886

Case No. 5,645a.

The GOVERNOR CAREY.

[2 Hask. 487.]1

District Court, D. Maine.

May, 1881.

STOWAGE OP CARGO—WRECK—OFFSET OF FREIGHT—SERVICES OF MASTER.

1. Clean bills of lading, for the carriage of goods between ports where no usage to the contrary exists, require the cargo to be stowed under deck.

2. Cargo stowed on deck in violation of a contract is at the vessel's risk, unless clearly shown that it would have been destroyed if it had been loaded below deck.

3. Goods on deck, not only are too much exposed to loss, but embarrass the crew in the management of the ship; and if disaster come from a tardy response of the crew in working ship, when they are likely to have been delayed by the deck-load, the burden is upon the master to show that the deck-load was not the cause of the disaster.

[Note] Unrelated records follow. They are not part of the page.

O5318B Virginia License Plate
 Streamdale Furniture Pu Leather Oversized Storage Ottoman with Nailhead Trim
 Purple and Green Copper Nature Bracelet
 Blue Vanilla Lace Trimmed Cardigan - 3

4. In case of wreck from the fault of the master in carrying cargo on deck, amounts paid by the owners of the cargo in recovering their property may be offset against freight and general average charges due the vessel.

5. The master cannot recover for services and expenses in saving the cargo from wreck, when his contract required its delivery at port of destination as a pre-requisite to the earning of freight

In admiralty. Arbitration upon the claim of the owners of a vessel, in case of wreck, for the entire freight for the voyage and general average charges, less the freight, upon cargo saved, from place of wreck to port of destination, and for expenses of the master in saving and forwarding cargo, to which the owners of the cargo seek to offset their expenses of saving and recovering it, incurred on account of the disaster.

FOX, District Judge. In September last, Twitchell, Champlin & Co. shipped on board this schooner, then at New York, and bound to Portland, 750 casks of kerosene oil, at a freight of thirty-two cents per cask; fifty-five tons of pig iron were also shipped by the Portland Company at 170 cents per ton. Clean bills of lading for both oil and iron were given by her master. A portion of the oil was placed on deck, there not being room in the hold for the whole quantity. The iron was stored in three layers in the bottom of the vessel, the depth of the hold not allowing of three tiers of oil, excepting forward. On her passage down the sound, the schooner met with bad weather; her mast was broken so that she had to put into Ed-gartown where a new mast was procured; general average charges were thereby incurred amounting to $190.02 on the oil, and $54 upon the iron.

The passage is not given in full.